They are raised on the mountains, savannas and pastures of the Andean altiplano in Peru at heights between 3500 and 5000 meters. The Alpaca has developed a unique coat whose cell structure is similar to human hair.
Unlike wool and cashmere, Alpaca hair is hollow which allows the air trapped inside to expand and contract with temperature variations, they can withstand variations ranging from 30ºC during the day to -20 °C at night. Moreover, it is estimated that more than 4 million Alpacas live in South America and 90% come from the southern Peru.
This precious fibre is used by top designers worldwide.
As with most fibres, it is graded on its micron count (or fineness) before being spun into yarn, being its grade 20 – 22.9 microns.
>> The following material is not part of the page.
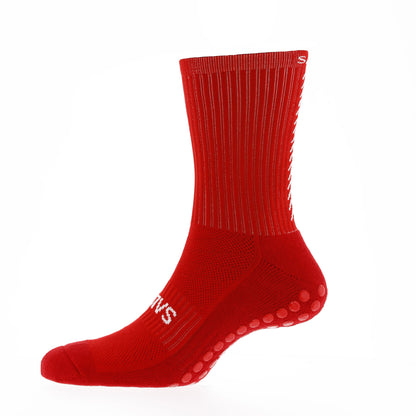 Salve Grip Socken 1.0, rot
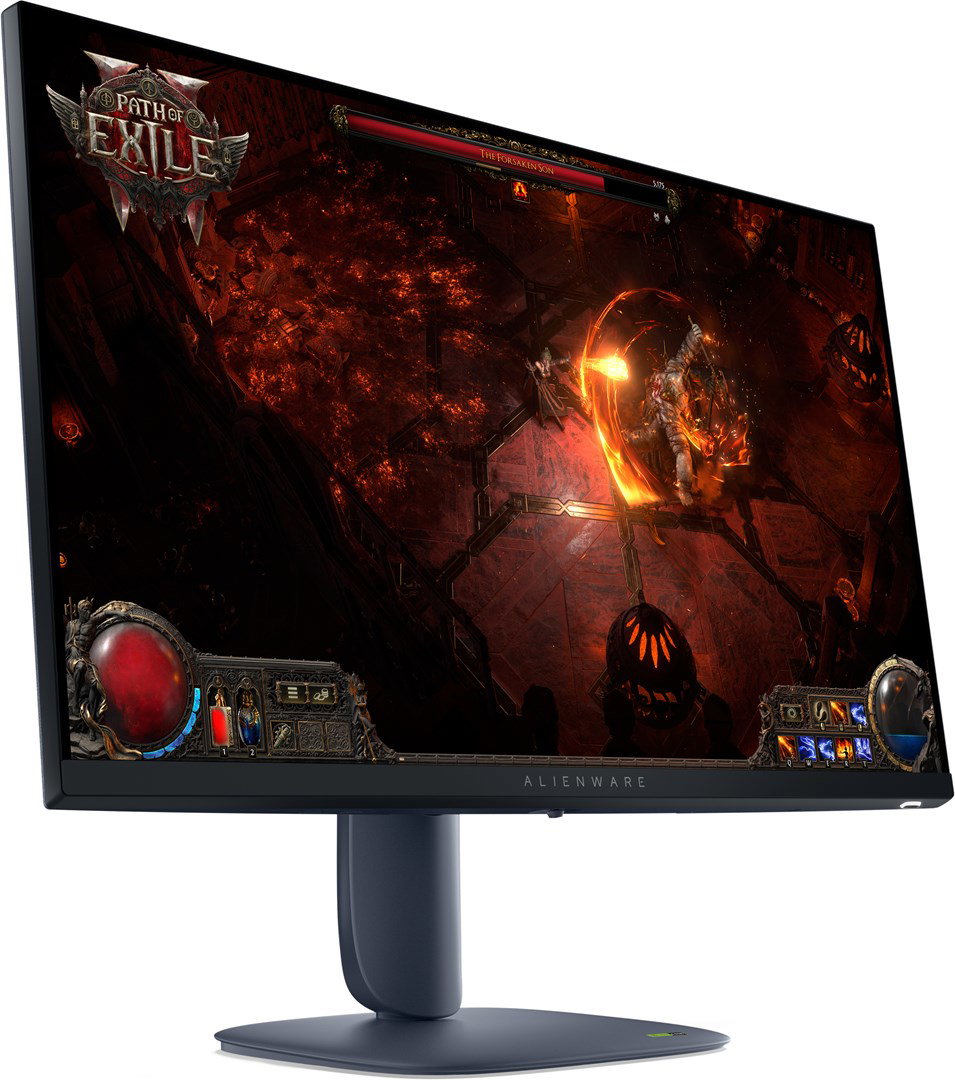 Alienware AW2725DM computer monitor 68.6 cm (27) 2560 x 1440 pixels Wide Quad HD LCD Blue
The silky alpaca fibre is hypoallergenic, resists solar radiation and is usually very long-life material being a key for environmental care.
One of the most valued fibres worldwide is the Pima Cotton, a variety that is grown along the northern coastal valleys of Peru where the ideal temperature and perfect atmospheric conditions produce a cotton of exceptional lustre and softness.
The long staple length of Pima Cotton (approximately 3.5 centimetres nearly twice as long as ordinary cotton) results in a fabric which is highly durable (up to 50% more resistant than other standard varieties of cotton), exceptionally soft and smooth and resistant to pilling.
These properties give the garments characteristics of durability and flexibility making it a perfect fabric to be worn next to the skin even for those with sensitive skin because it is hypoallergenic and processed without using of harmful chemicals.